* _Assignment_:
The answer must be only the lines below from the one holding "Green dietary vegetable" down to the one holding "Mann mit Bart überprüft seine Haut", ends included, printed exactly; please omit all pictures.

* _The data_:
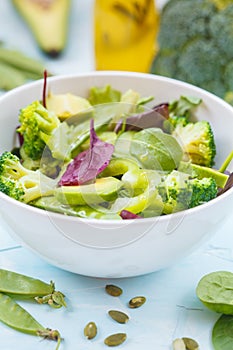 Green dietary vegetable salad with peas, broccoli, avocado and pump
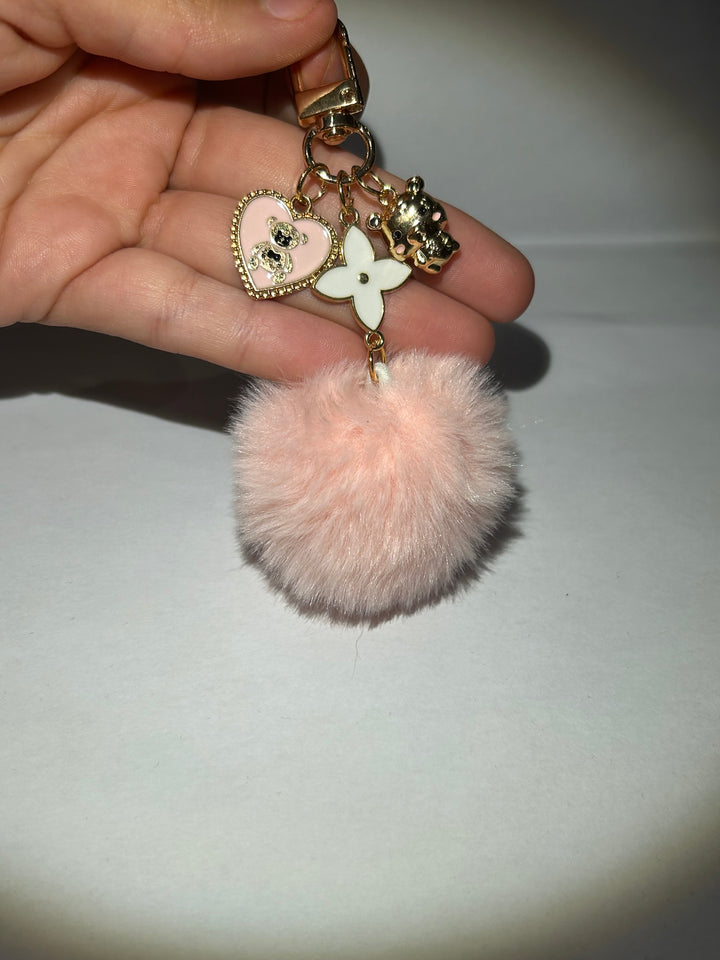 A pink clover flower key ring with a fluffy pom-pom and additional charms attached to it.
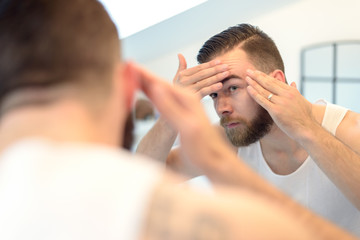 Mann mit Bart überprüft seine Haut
--
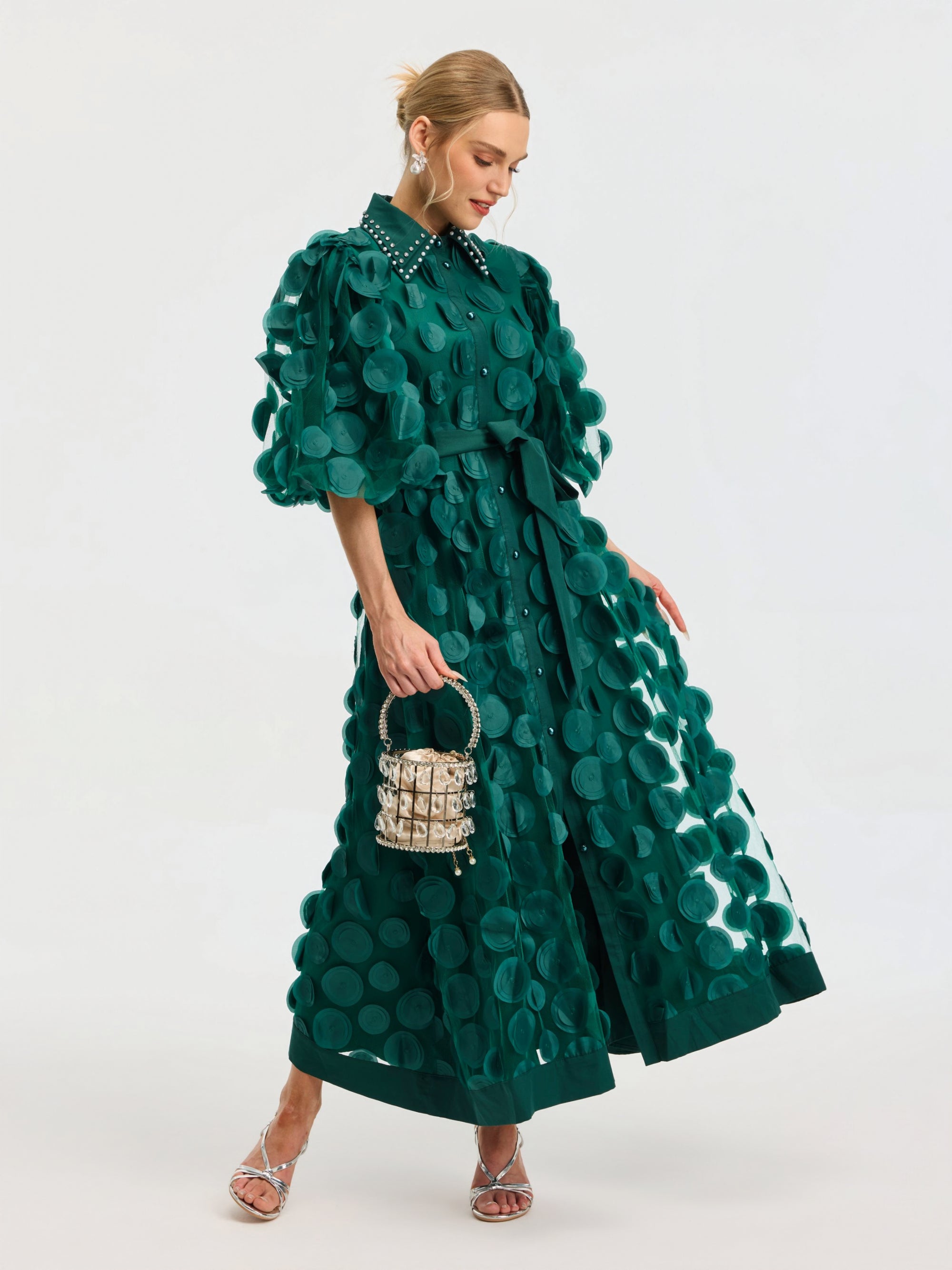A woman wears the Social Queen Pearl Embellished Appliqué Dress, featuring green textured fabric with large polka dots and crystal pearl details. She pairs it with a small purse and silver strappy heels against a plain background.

* _Answer for the task_:
 Green dietary vegetable salad with peas, broccoli, avocado and pump
 A pink clover flower key ring with a fluffy pom-pom and additional charms attached to it.
 Mann mit Bart überprüft seine Haut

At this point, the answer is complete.